Eric: Mark, is it true that most content doesn’t get many social media shares?
Mark: It is true, Eric, and now we have the numbers to prove it. A recent study by Buzzsumo and Moz showed that 50% of content gets less than 11 Twitter shares. And the vast majority of content published gets no shares at all.
Eric: But is the number of social shares always the best measure of the success of a piece of content?
Mark: No, not at all. Content can still be successful without social shares; it just depends on your goals for the content and how you market that content. For example, you might drive significant traffic to a post from your email newsletter.
Also, some content on your site may not be the kind of thing that people jump to share with their friends, but still have great value in helping your prospects along the journey to becoming customers. But at the end of the day, most of us are creating at least some of our content in the hope that it will increase our audience and exposure, and social shares can be a significant way to do that. So if you’re getting little or no shares for your content, it can get frustrating.
Eric: So why isn’t most content getting significant social sharing?
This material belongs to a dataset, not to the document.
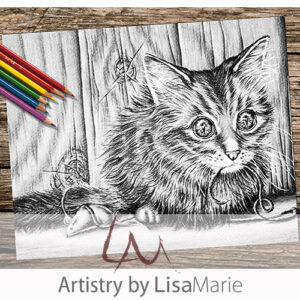 Cat With Yarn and Toy Coloring Page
Mark: My friend Russ Jones over at MOZ did an analysis of what he calls “million dollar content.” This is content that gets traffic that would cost a million dollars or more to obtain through pay per click ads, despite residing on sites with relatively low authority. As part of that study, which you can read at the link on your screen now, Russ asked me to analyze the social shares leading to such content.
I found that in the content in Russ’s sample group, 45% had no social shares at all, and 66% had fewer than 300 shares. This confirms that content can be successful without social sharing. But I did find that a significant number of the highest performing content pieces in the group had a high number of social shares, and it’s interesting that many of these were on the lowest domain authority sites in the group.
Eric: So what were some of the common characteristics of those content pieces that were highly shared?
Mark: One factor was having content elements that are highly optimized to appeal to a certain audience, or even the typical audience of a particular platform. For example, a post at stayglam dot com about creative nail designs contained 80 bright images like the one you’re seeing right now. Those images are exactly the kind of thing Pinterest users love to share: beautiful, colorful, arresting images having to do with fashion. So not surprisingly, the post has nearly one million shares on Pinterest. And by the way, the post itself had no social sharing buttons!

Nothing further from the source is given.